Nowhere is the need for this understanding of hearts-and-minds more evident today than in Sri Lanka, where the world's longest running insurgency was crushed by government troops last May. After the defeat of the rebel Liberation Tigers of Tamil Eelam (LTTE), what remains unattended are the ingredients that fuelled its rise in the first place: unequal economic development, systemic political bias and cultural suppression of the Tamil minority.
President Mahinda Rajapaksa appears in no hurry to address these problems. He has burnt bridges to consolidate his own power instead of reaching out. Most notably, the opposition leader General Sarath Fonseka has been detained for weeks on dubious charges, and faces court martial tomorrow. Both sides made promises to win the Tamil vote in the last election that returned Mr Rajapaksa to power, but turnout was unsurprisingly poor. Tens of thousands of civilians are still confined to camps established during the war and there are deep reservations about the majority Sinhalese parties in Colombo.

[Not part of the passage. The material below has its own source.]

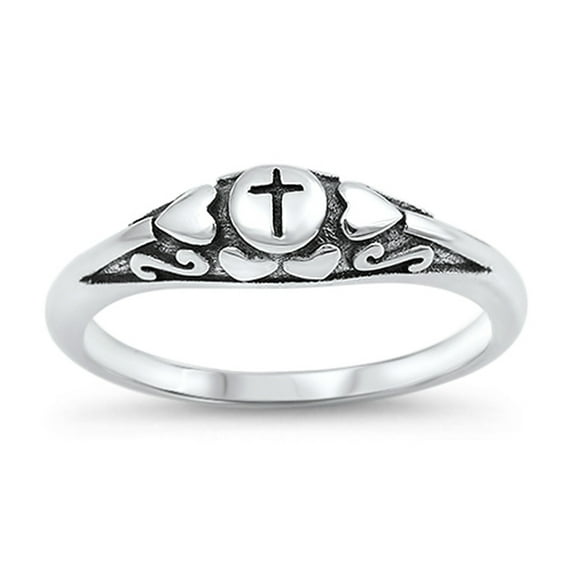 Oxidized Oval Cross Heart Infinity Swirl Ring Sterling Silver Band 925 Jewelry Female Male Size 6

Here is another lesson of hearts and minds: the demands of the aggrieved don't give way before mere words. The Tamil National Alliance, made up of some former supporters of the LTTE, has indicated that they are willing to give up long-standing demands for a separate state. But they are insistent on some form of local autonomy in exchange. It is a glimmer of hope for establishing a long-term peace. The details of such autonomy would have to be hammered out, of course, and there is already bickering among Tamils about dropping the statehood claim. But it is a model that has already worked in the Indonesian territory of Aceh, helping end three decades of insurgency.
Recent history is replete with examples of how the struggle to win hearts and minds failed or was ineffectively applied. It was implemented with tragic simple-mindedness by the United States following its invasion of Iraq in 2003. What progress has been made there is due to tangible hard work on political inclusivity, not just public relations efforts. There are too many ethnic, tribal and religious conflicts, in this region and elsewhere, where the real essence of winning hearts and minds must be learnt. Otherwise, from Yemen to Sri Lanka to Afghanistan, these divisions will continue to be flashpoints for future conflicts.